Provided material:
++++++

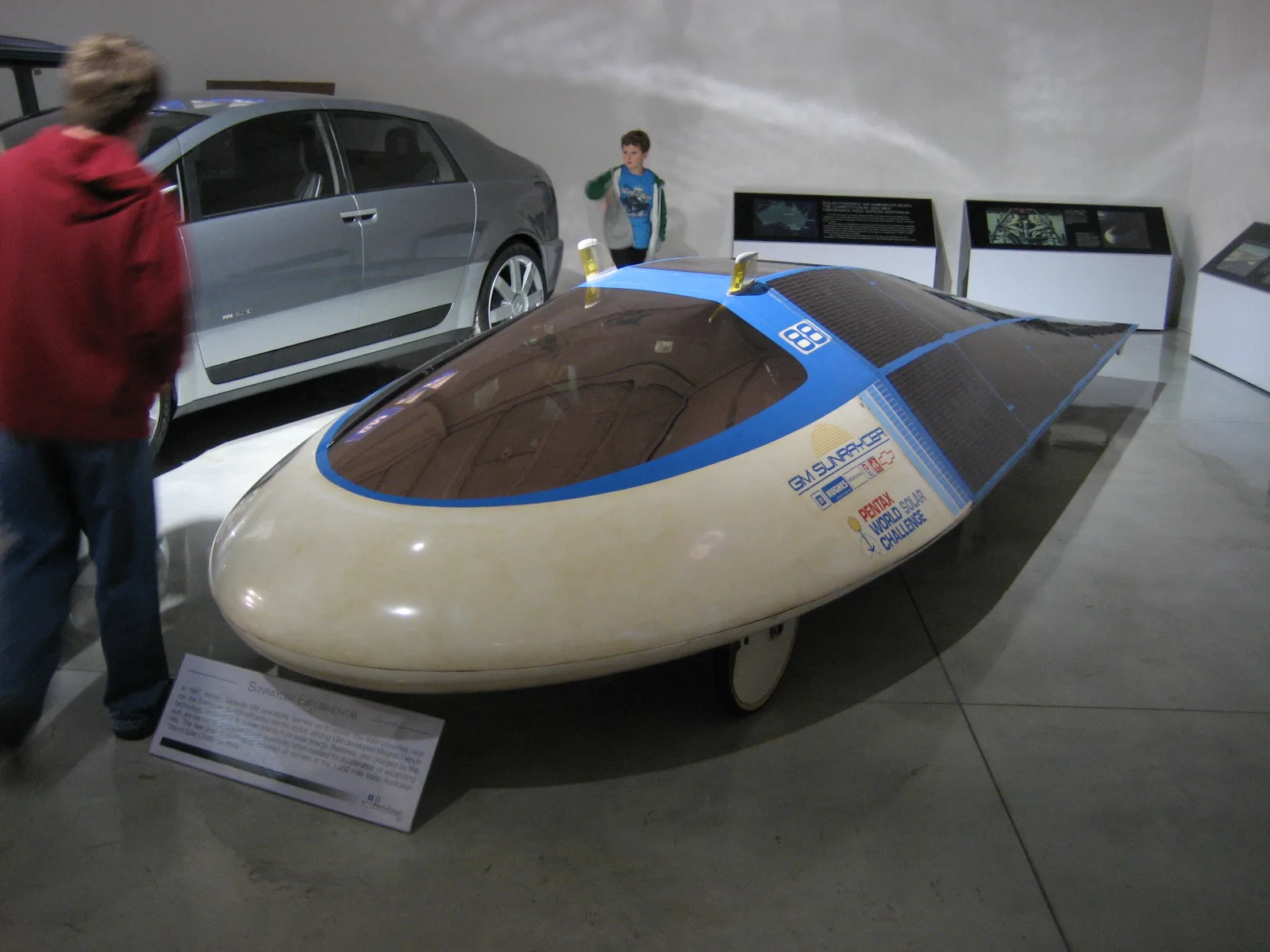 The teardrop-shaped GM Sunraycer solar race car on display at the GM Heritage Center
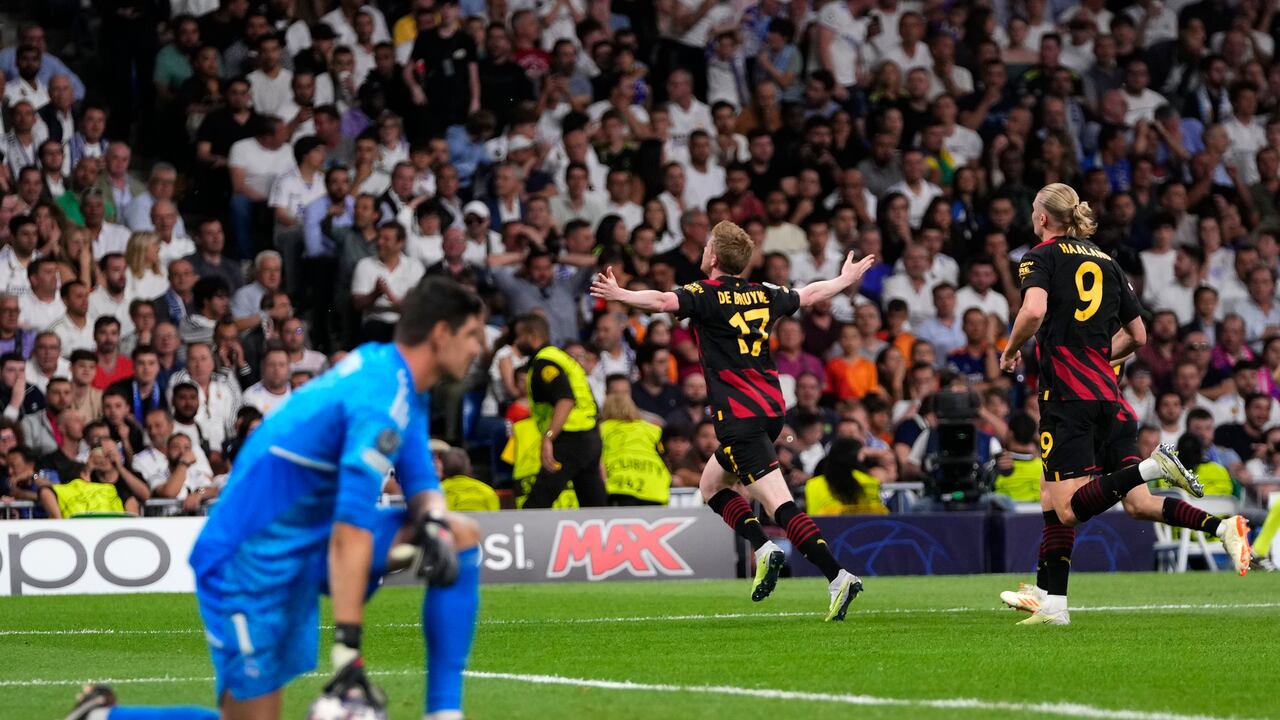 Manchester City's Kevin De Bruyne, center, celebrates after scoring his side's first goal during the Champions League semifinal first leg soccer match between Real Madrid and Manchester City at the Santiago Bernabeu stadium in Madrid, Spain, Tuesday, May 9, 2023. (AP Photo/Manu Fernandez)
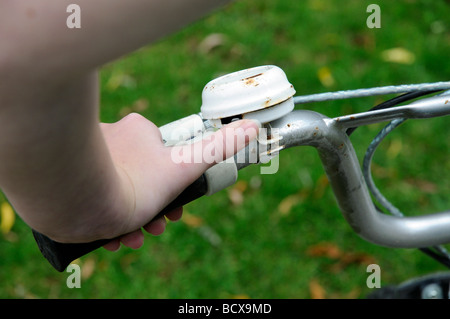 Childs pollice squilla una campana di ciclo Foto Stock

++++++

What to work on: Only the lines from the one containing "Manchester City's Kevin" through the last line of the data belong in the copy, both included and reproduced exactly. Pictures do not.

Response for this exercise:
 Manchester City's Kevin De Bruyne, center, celebrates after scoring his side's first goal during the Champions League semifinal first leg soccer match between Real Madrid and Manchester City at the Santiago Bernabeu stadium in Madrid, Spain, Tuesday, May 9, 2023. (AP Photo/Manu Fernandez)
 Childs pollice squilla una campana di ciclo Foto Stock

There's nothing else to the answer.